HOW TO COMPLETE THIS TASK — Output exactly, and only, the stretch of lines beginning at the line with "1strang 5,79 $!" and ending at the last line of the listing below. Drop the pictures.

Content starts

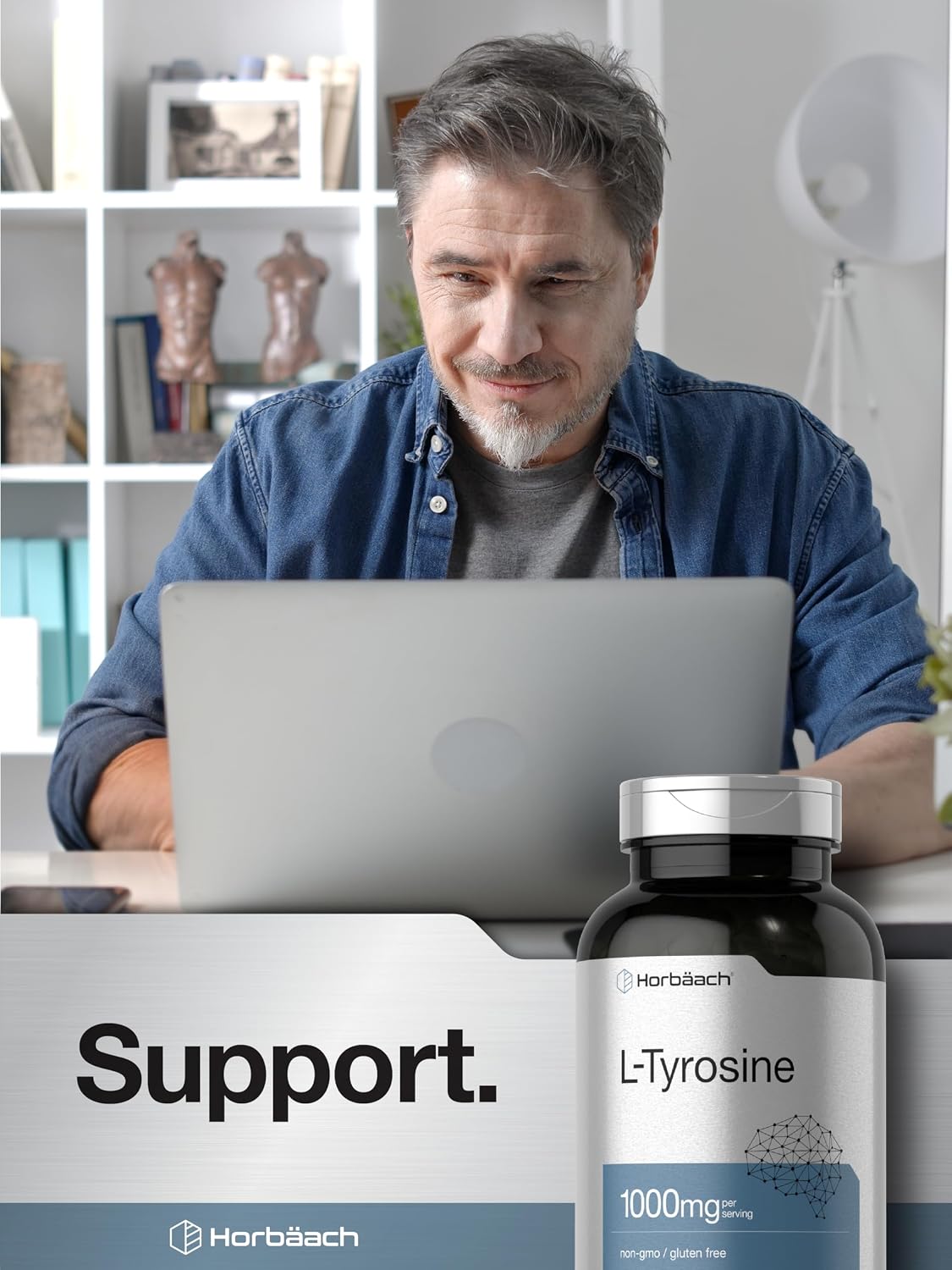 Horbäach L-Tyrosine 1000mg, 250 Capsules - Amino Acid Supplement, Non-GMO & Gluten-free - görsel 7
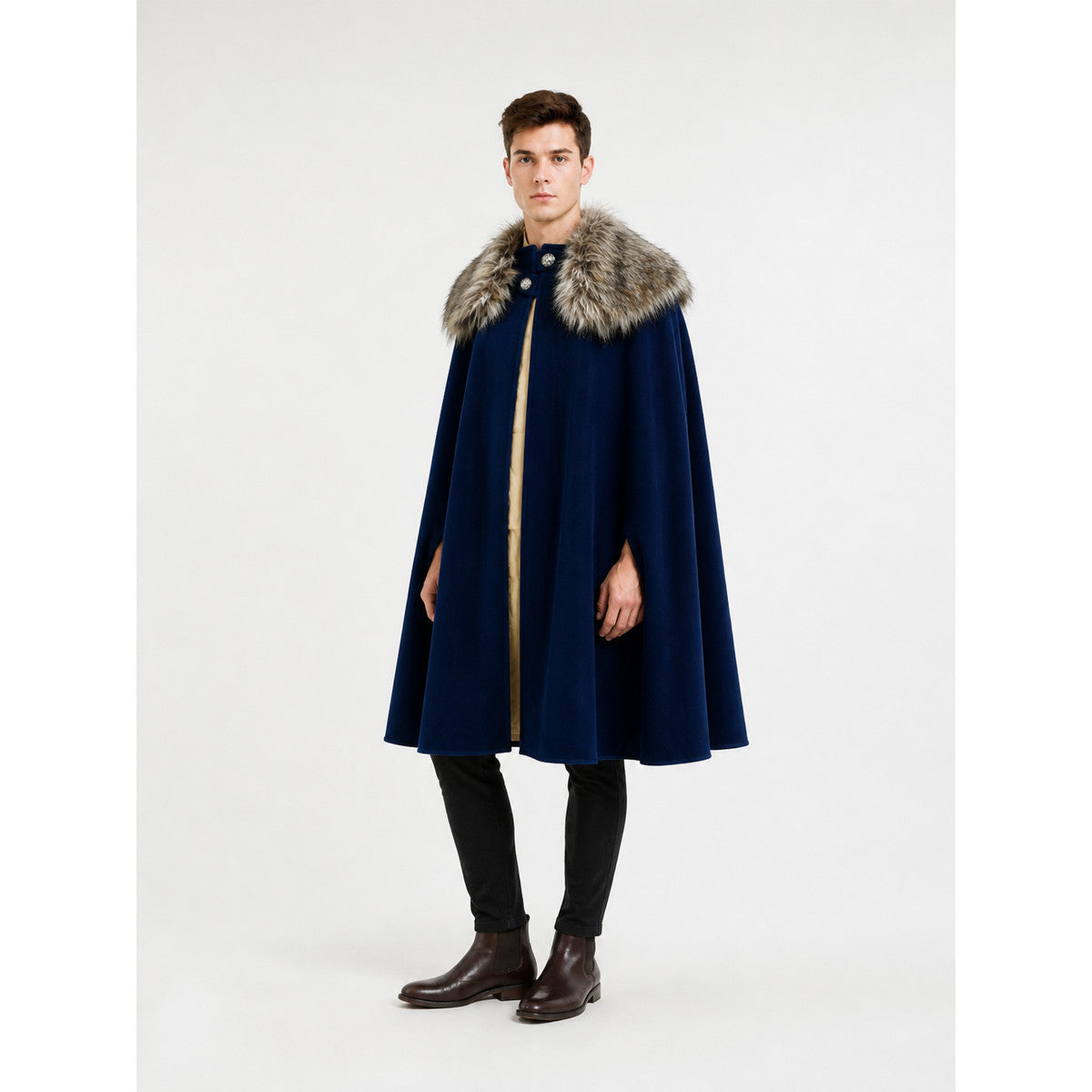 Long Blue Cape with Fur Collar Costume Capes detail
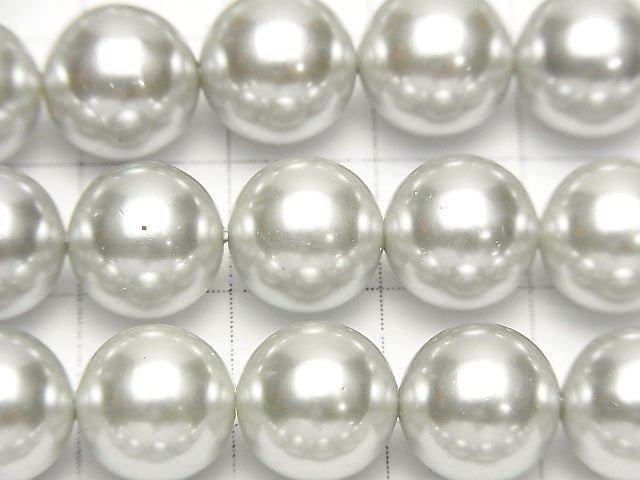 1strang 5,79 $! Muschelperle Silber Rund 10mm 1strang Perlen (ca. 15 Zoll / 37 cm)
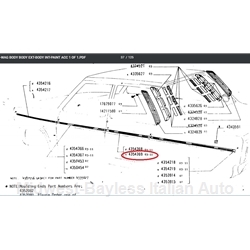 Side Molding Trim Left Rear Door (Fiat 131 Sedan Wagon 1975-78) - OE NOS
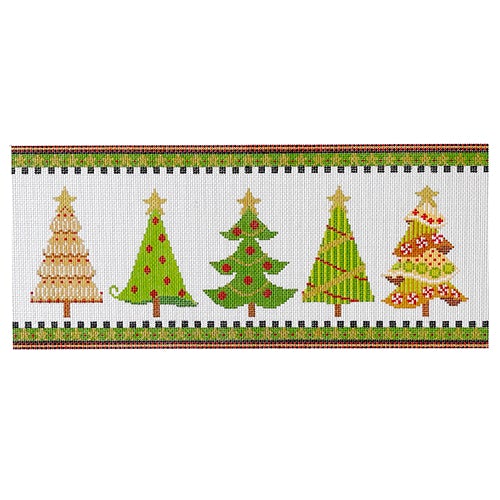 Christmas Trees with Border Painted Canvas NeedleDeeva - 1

Content ends

YOUR SOLUTION —
 1strang 5,79 $! Muschelperle Silber Rund 10mm 1strang Perlen (ca. 15 Zoll / 37 cm)
 Side Molding Trim Left Rear Door (Fiat 131 Sedan Wagon 1975-78) - OE NOS
 Christmas Trees with Border Painted Canvas NeedleDeeva - 1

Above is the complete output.